The truth, however, is that even as Russia’s invasion plan takes shape, the Biden administration’s support for Ukraine is far more rhetorical than real. Judged by what it could do and is doing to support Ukraine’s defensive means, the U.S. is falling well short of what needs to be done.

Even before this crisis began, President Joe Biden stabbed Ukraine in the back when he waived sanctions on Russia’s Nord Stream 2 natural gas pipeline. Rejecting President Volodymyr Zelensky’s pleading to the contrary, a plurality of Democrats last week rejected a Republican bill to reimpose sanctions on the pipeline. This fits with Biden’s broader pattern of indirect collusion with Russian interests.

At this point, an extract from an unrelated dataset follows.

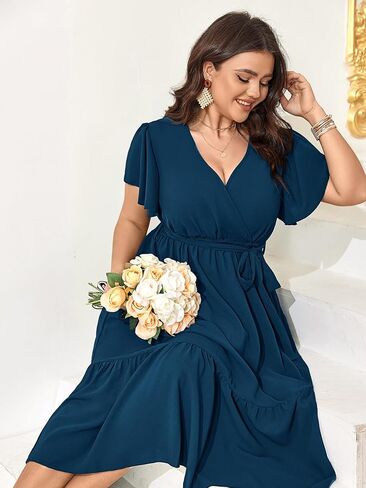 Womens Plus Size Wedding Guest Dresses Summer Wrap V Neck Short Sleeve Belted Ruffle Hem A-Line Flowy Maxi Dress in Kuwait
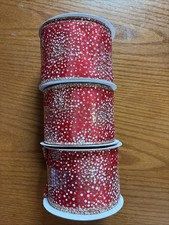3 Rolls 2 1/2  x 20Ft Wired Edge Ribbon . Gold Glitter On Red Christmas Holiday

Biden encouraged Russian aggression by pressuring the U.S. military forces in Europe to reduce their air operations near Russia. Biden has also slow-walked the supply of antitank and other weapons to Ukraine, ignoring Republican legislative efforts to do more. He has also failed to match allied efforts to challenge Russian military imperialism in the Black Sea. But that’s just the tip of Biden’s weakness iceberg.

As Politico reported on Wednesday, the Biden administration is preventing NATO’s Baltic member states from supplying Ukraine with antitank and anti-air weapons. Instead, to the increasing chagrin of Congress, including even Democrats, the administration said only that it is “considering” new steps to support Ukraine.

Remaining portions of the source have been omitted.